### [PROBLEM TO WORK ON]
Reproduce the entire listing exactly. Leave the pictures out.

### [DATA BLOCK]
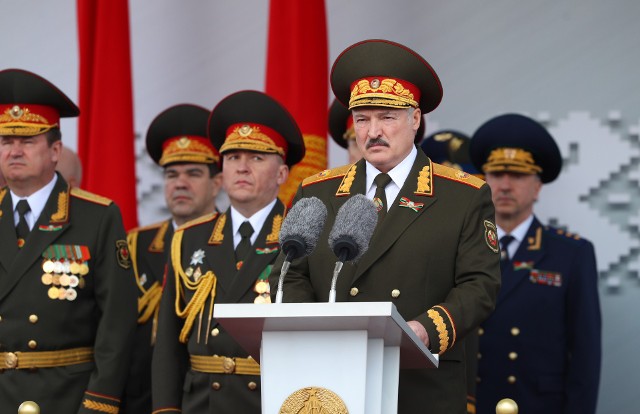 Aleksandr Łukaszenka pokrętnie powiedział, że Białoruś nie ma planów dołączenia do wojny na Ukrainie, chyba że "zostanie w nią wciągnięta"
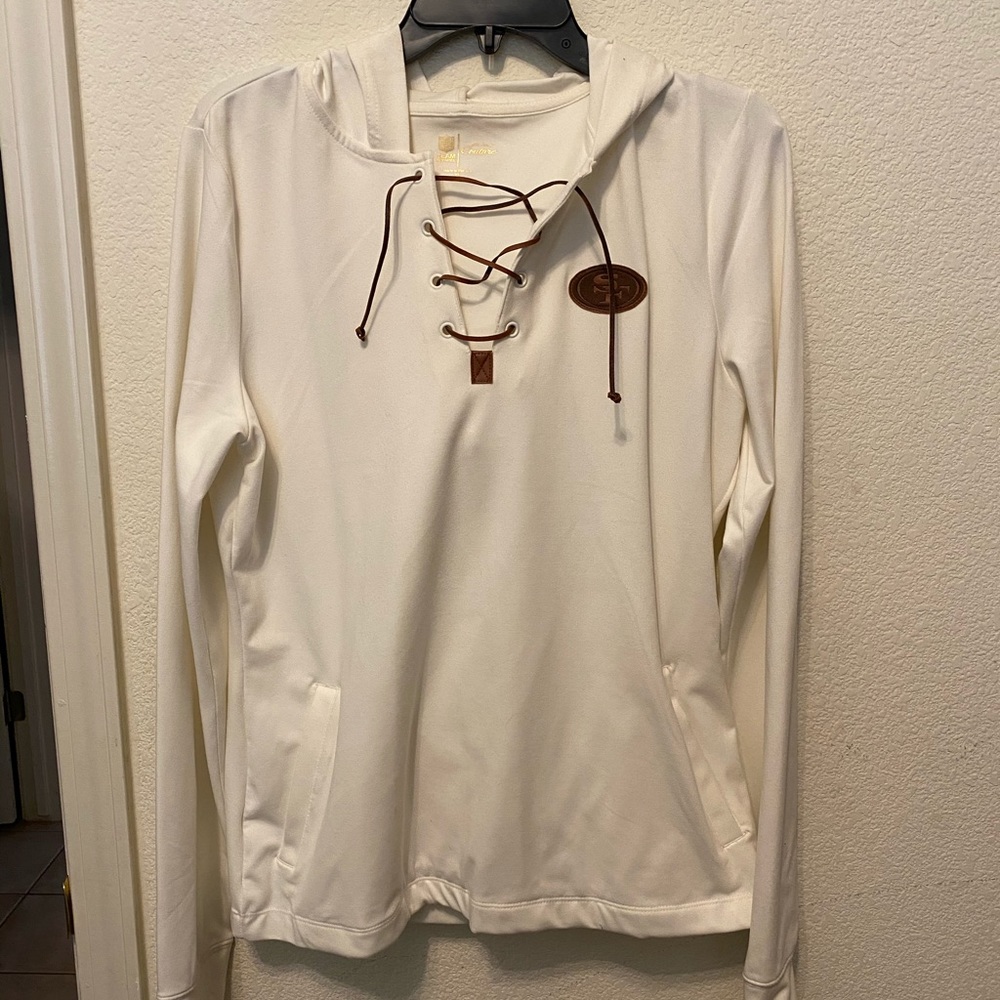 Women’s lightweight pullover hoodie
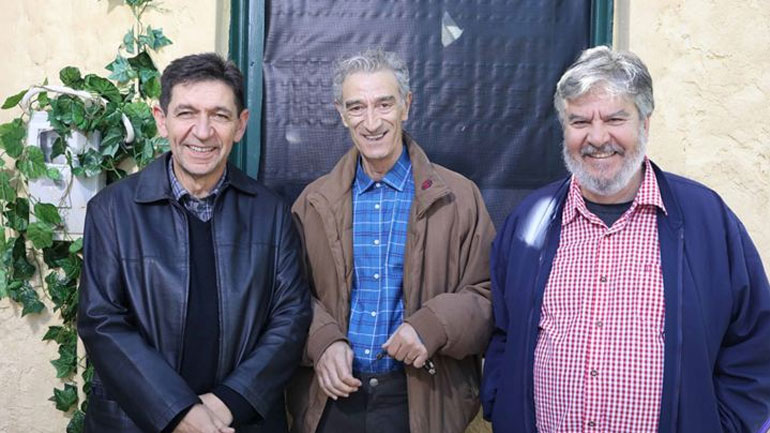 Το Καφέ της Χαράς: Η Χαρά, όταν ακούει ότι ο Περίανδρος χαροπαλεύει, έρχεται αντιμέτωπη με τα αισθήματα της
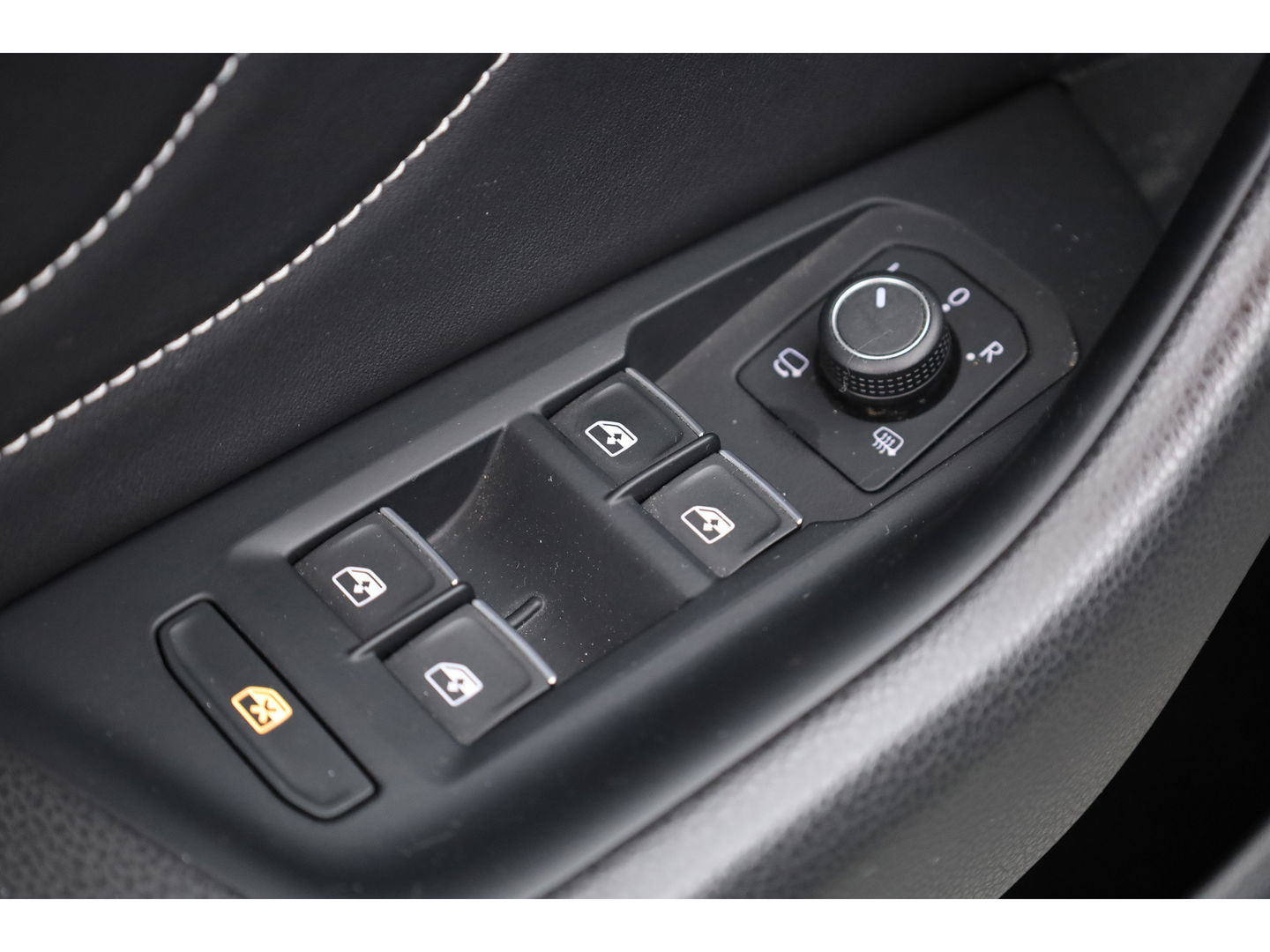Volkswagen Arteon Shooting Brake 1.4 TSI eHybrid R-Line | Pano | HUD | Kuipstoelen | Massage | 360cam | Adapt. Cruise | Matrix LED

### [RESPONSE TO THE EXERCISE]
 Aleksandr Łukaszenka pokrętnie powiedział, że Białoruś nie ma planów dołączenia do wojny na Ukrainie, chyba że "zostanie w nią wciągnięta"
 Women’s lightweight pullover hoodie
 Το Καφέ της Χαράς: Η Χαρά, όταν ακούει ότι ο Περίανδρος χαροπαλεύει, έρχεται αντιμέτωπη με τα αισθήματα της
Volkswagen Arteon Shooting Brake 1.4 TSI eHybrid R-Line | Pano | HUD | Kuipstoelen | Massage | 360cam | Adapt. Cruise | Matrix LED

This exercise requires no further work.